Yeah Dylan is a really creative dude so I'm going do give him free reign in a few areas, but at the same time I have some very specific ideas in my head that I definitely want so hopefully the end result will be a nice blend of the two. 
I don't normally like crazy inlay work, but just the fact that his are so awesomely done makes me want to let him do something on my guitar. That said, intricate inlays can really add to the price, so we'll se what happens there.


nedheftyfunk said:


> Not sending pics is the mistake that I made and the trans. black turned out a little darker than I expected, which seems to be quite common. I think that lots of the trans. black pictures you see are taken in bright lights or outdoors, which really makes the tops stand out. In normal, indoor lighting, often they just look black. Without picking on any guitar manufacturer in particular, here's an Agile and a Jackson.
> 
> ....
> 
> ...



I hear you, thanks for that man, I'll make sure that the central portion is quite a light shade of grey. I think the best picture I've come across is this finish:






If Dylan can get that exact finish on a top of similar quality I will be _very_ happy!


----------



## -Nolly- (Dec 29, 2009)

I put down my deposit today and finalised the specs. It's going to be a 7-string superstrat body with beveled contours, set flame maple neck, ebony board without front inlays. 5A quilt maple top on a korina body, finished in a blackburst as similar to the Musicman BFR above. Hipshot hardware and Bare Knuckle pickups. 
Should be pretty tasty if I do say so myself.


----------



## ToniS (Dec 30, 2009)

Sounds awesome dude, can't wait to see it! 

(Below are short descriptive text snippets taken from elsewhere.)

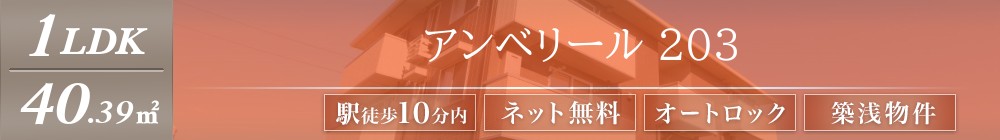 アンベリール 203表紙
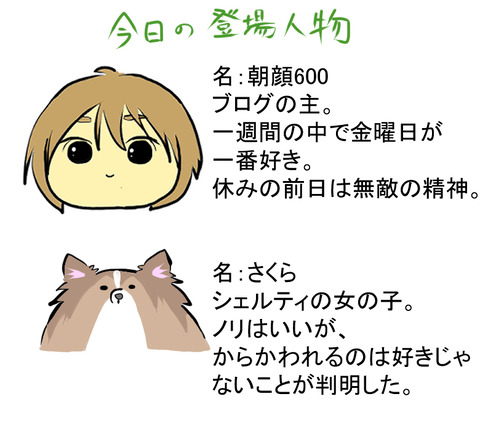 自己紹介C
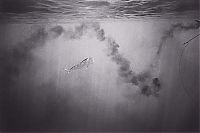 TopRq.com search results: black and white underwater animals photography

How long does he usually build his guitars?


----------



## Hollowway (Dec 30, 2009)

You should check BRJ's charcoal finished, too. Nick (Zimbloth) told me he does quite the multistep process to get those to "pop." They have that depth, like the one you posted.


----------



## -Nolly- (Dec 30, 2009)

tongarr said:


> Sounds awesome dude, can't wait to see it!
> 
> How long does he usually build his guitars?



Awesome, well I'm going to be doing a buildstory so you should get to see it all the way through from raw timber to the finished thing!
Should be under two months from the start of the build provided things go to plan. We should be good to get started around mid to late January.



Hollowway said:


> You should check BRJ's charcoal finished, too. Nick (Zimbloth) told me he does quite the multistep process to get those to "pop." They have that depth, like the one you posted.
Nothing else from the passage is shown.